Goal of the exercise – Copy out exactly the lines spanning the line with "Mesh Watch Band" to the line with "Sites similar to rodeo.net", inclusive, from the data underneath, with no pictures.

Given data –
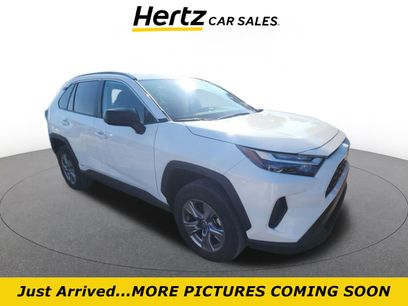 Used 2025 Toyota RAV4 XLE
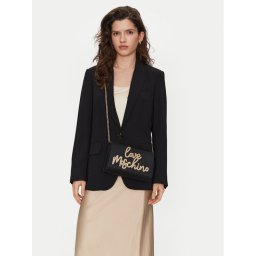 LOVE MOSCHINO Дамска чанта JC4055PP1MLH100A Черен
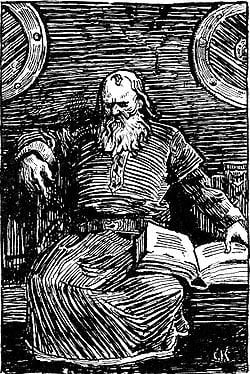 Image of Snorri Sturluson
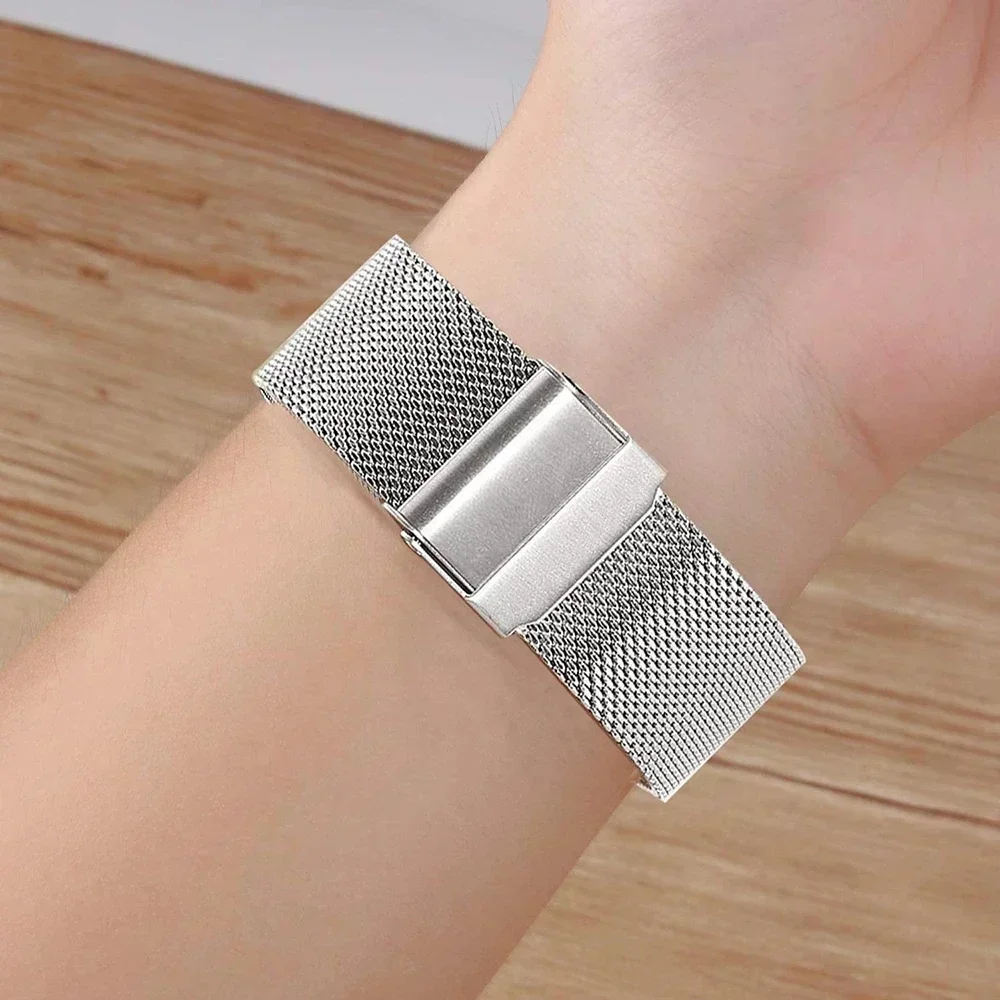 Mesh Watch Band for CMF Watch  - Smartwatch Nothing Watches recension och pris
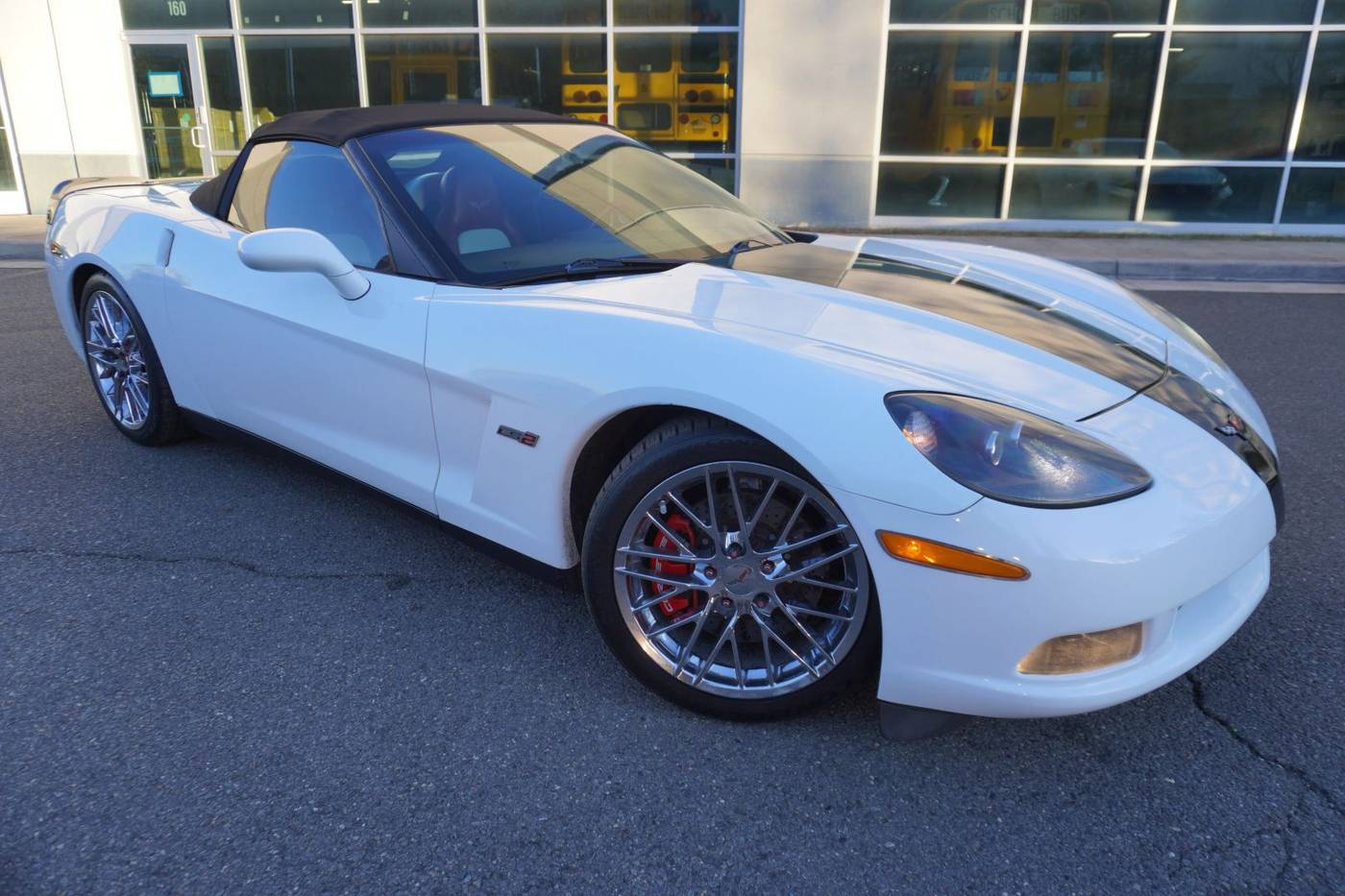 2006 Chevrolet Corvette Base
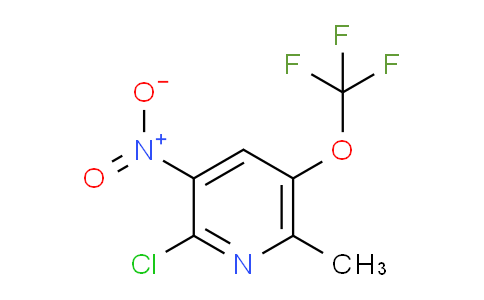 AM181612 | 1803618-40-7 | 2-Chloro-6-methyl-3-nitro-5-(trifluoromethoxy)pyridine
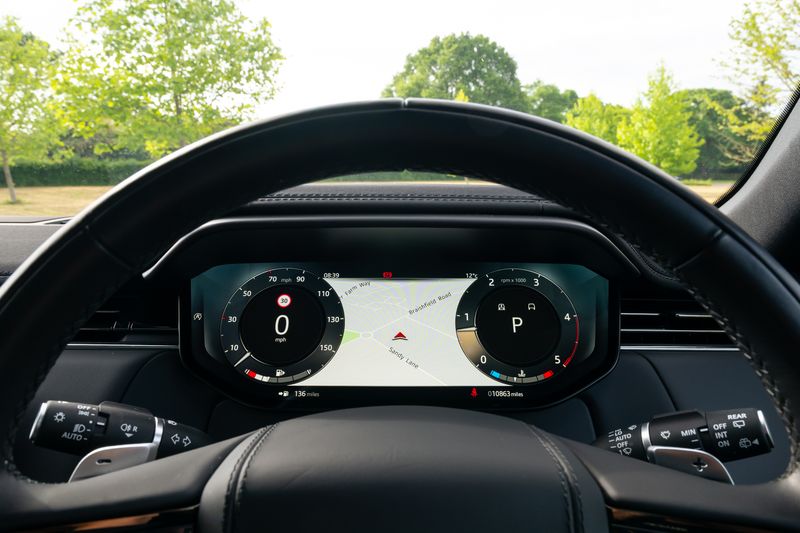 Range Rover Sport Dynamic SE D300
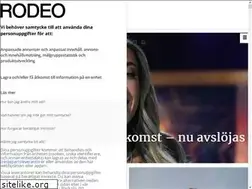 Sites similar to rodeo.net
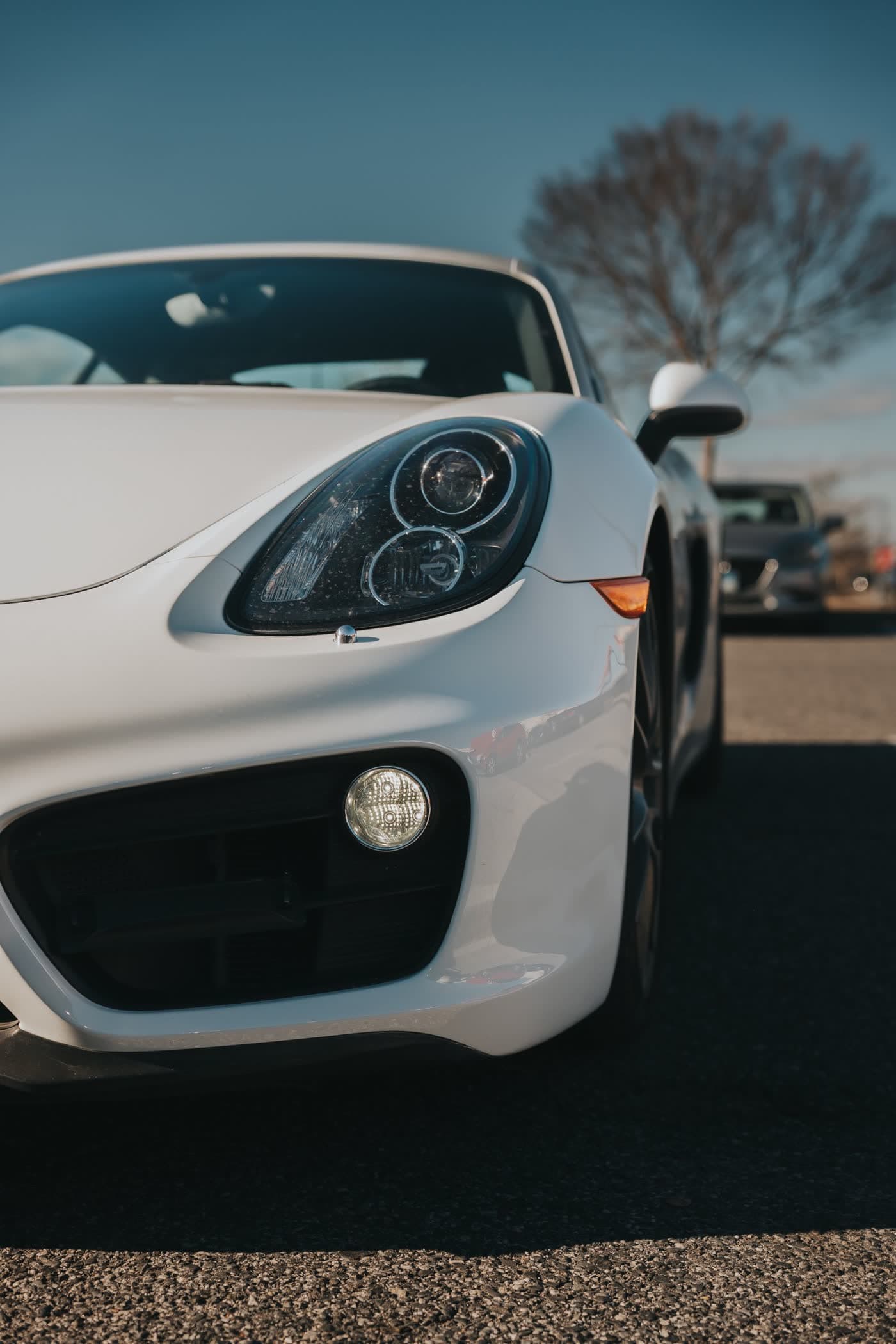 Porsche Detailing in Toronto: Paint Correction, PPF & Ceramic for 911, Cayenne & Macan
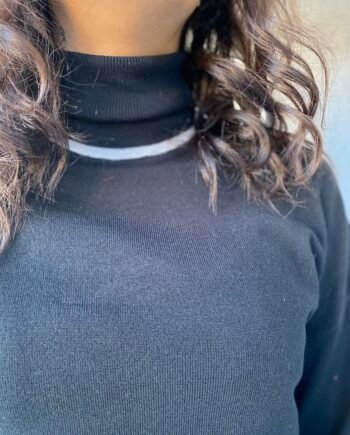 Fly Girl - Maglia nero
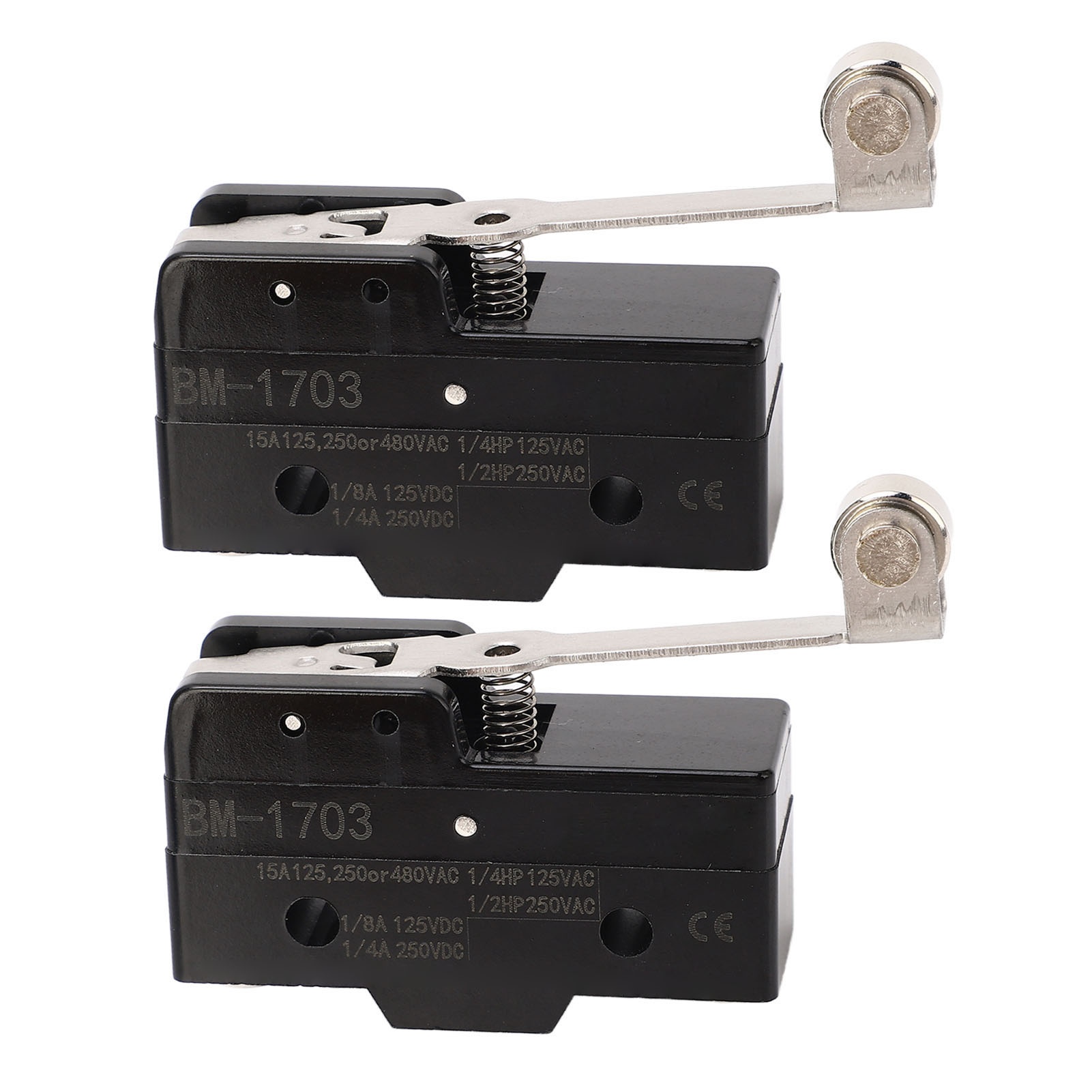 2 ชิ้น ไมโครลิมิตสวิตช์ ตัวนำท - Limit Switch บทวิจารณ์และราคา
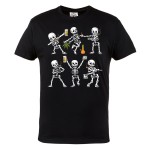 MĘSKA KOSZULKA MARIHUANA ZIOŁO WEED 420 KONOPIE INDYJSKIE PIWO SZKIELETY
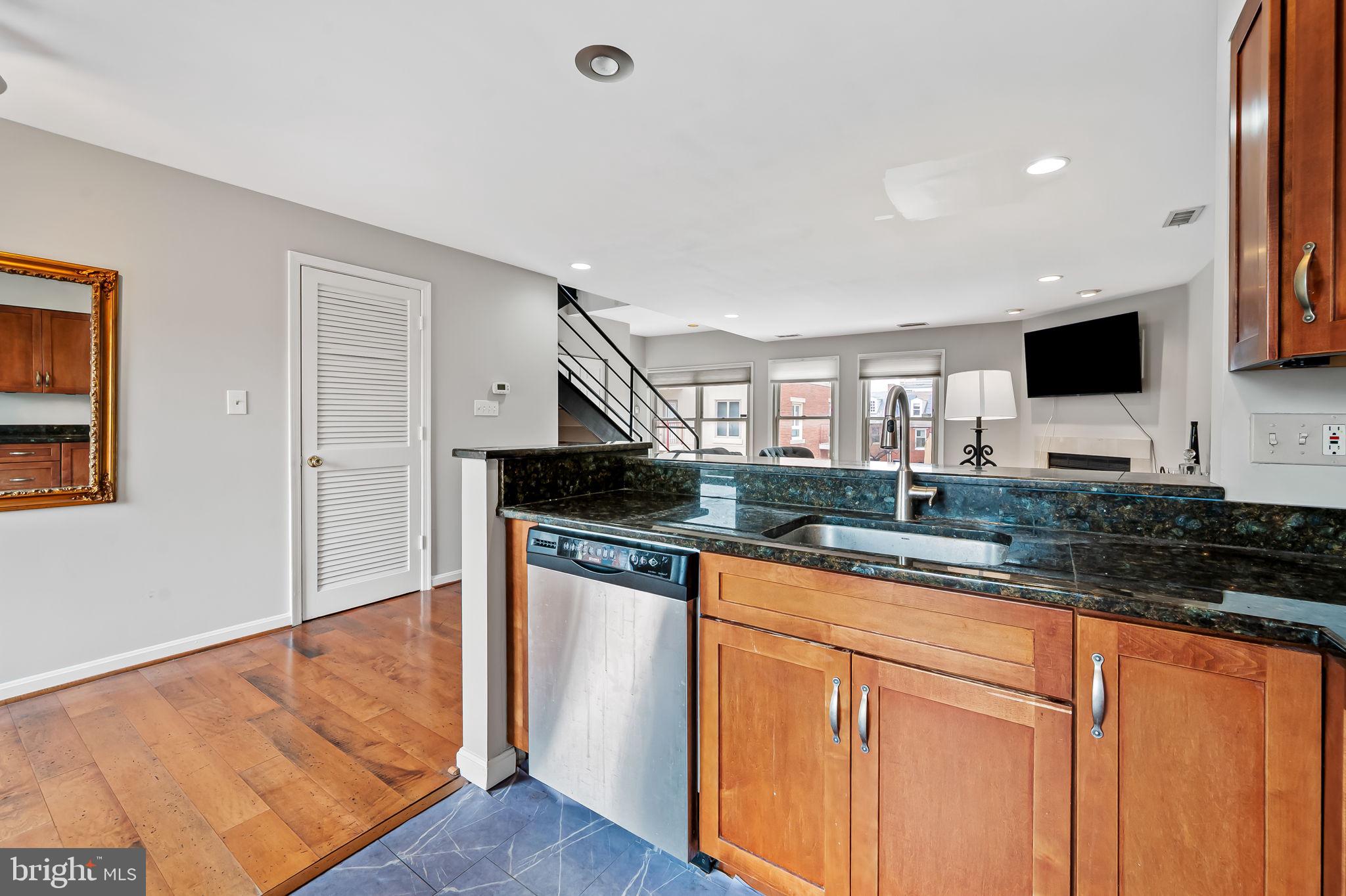 FEDERAL HILL HISTORIC DISTRICT - Residential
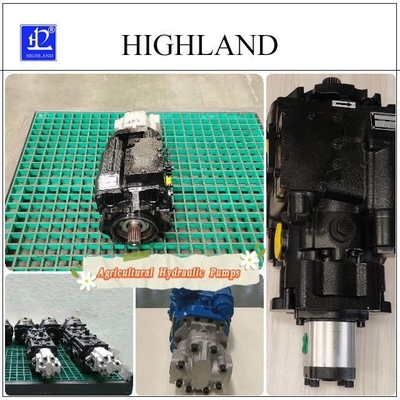 Cải thiện tác động môi trường của trang trại của bạn với máy bơm thủy lực nông nghiệp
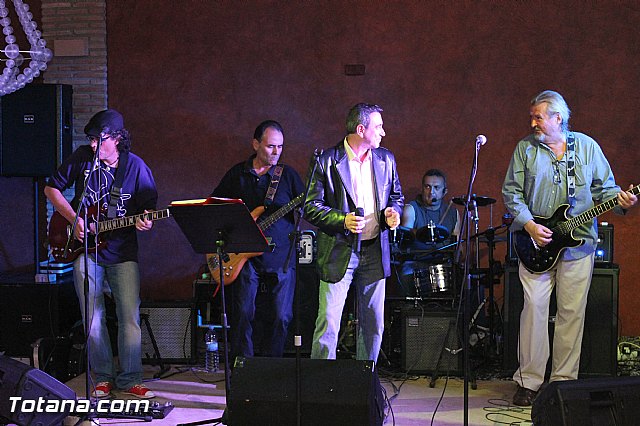 Actuacin de ESPECIAL RC en la cena-gala Afacmur - 16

Result of the task –
 Mesh Watch Band for CMF Watch  - Smartwatch Nothing Watches recension och pris
 2006 Chevrolet Corvette Base
 AM181612 | 1803618-40-7 | 2-Chloro-6-methyl-3-nitro-5-(trifluoromethoxy)pyridine
 Range Rover Sport Dynamic SE D300
 Sites similar to rodeo.net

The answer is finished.